Primary Supervisor: Dr. Aristidis K. Nikoloulopoulos

Multivariate response data abound in many applications including insurance, risk management, finance, psychometrics, health and environmental sciences. Data from these application areas have different dependence structures. While a multivariate distribution fully encodes this dependence, the tractable families used in practice often impose restrictive marginal or dependence structures. Copula functions alleviate these constraints by separating the margins from the dependence structure. Although classical copulas are naturally suited to low-dimensional settings, vine copulas extend the framework to high dimensions.
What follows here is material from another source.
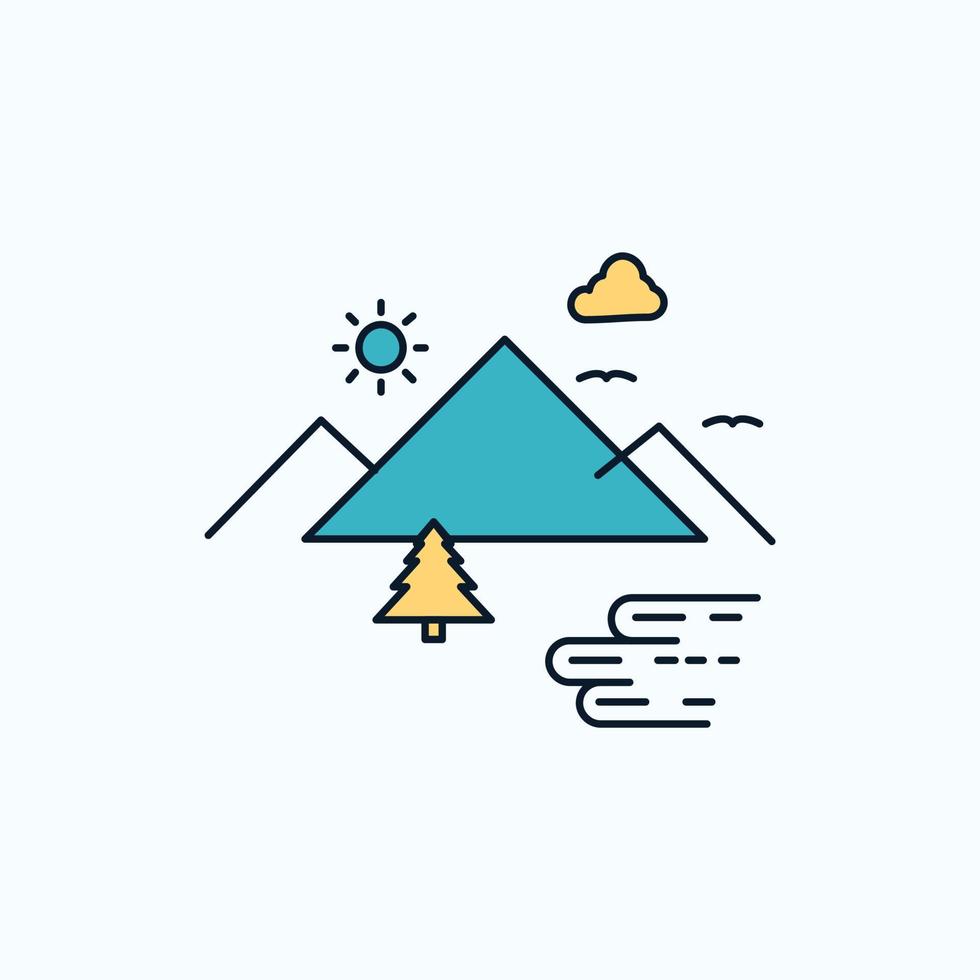 Mountains. Nature. Outdoor. Clouds. Sun Flat Icon. green and Yellow sign and symbols for website and Mobile appliation. vector illustration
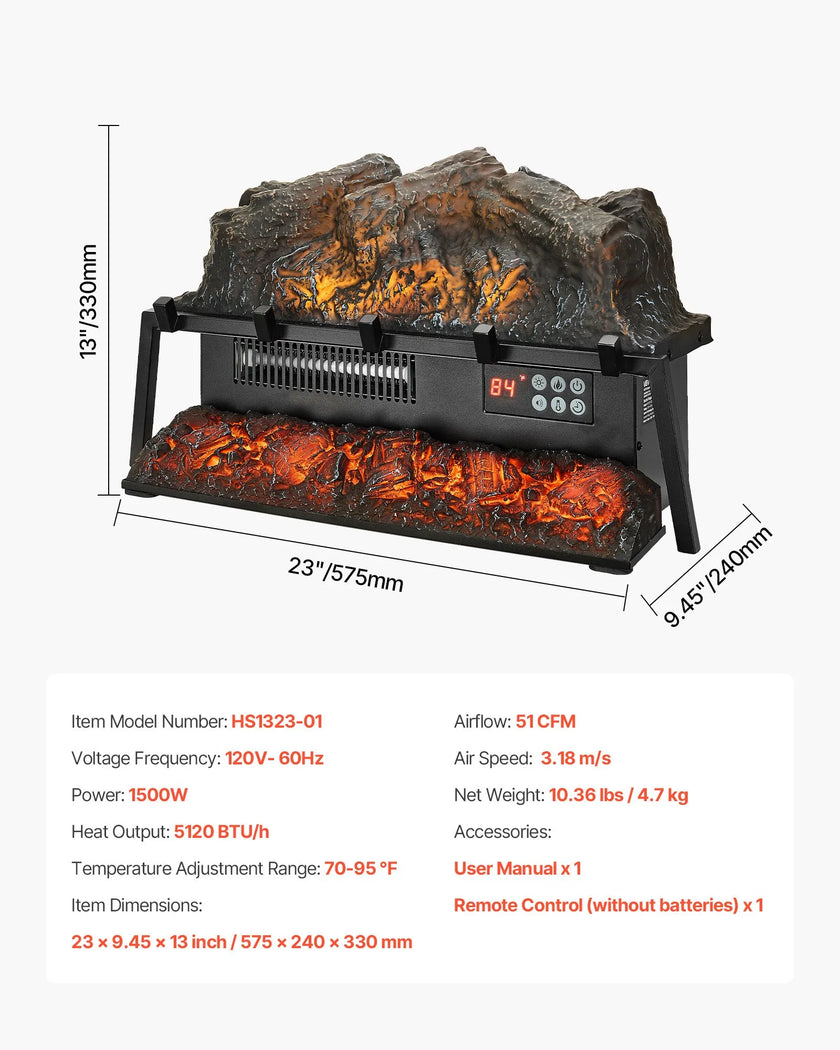 VEVOR 23 Inch Electric Fireplace Log Heater with Crackling Sound Timer Remote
We have shown that a vine copula displays (tail) dependence in all bivariate margins provided that the pair-copulas in the first level possess (tail) dependence; higher-level pair-copulas may be independence copulas without loss of overall (tail) dependence. This insight justifies truncating the vine after the first level, creating a parsimonious model that retains the essential dependence structure. In this project, we will make use of truncated vine copulas with both observed and latent variables in the aforementioned application areas.

Entry Requirements

The entry requirements are either a 1st in your Bachelor's degree or a Master's in Mathematics, Statistics, or Actuarial Science.

Mode of Study

Full or Part time

Start Date

1 October 2026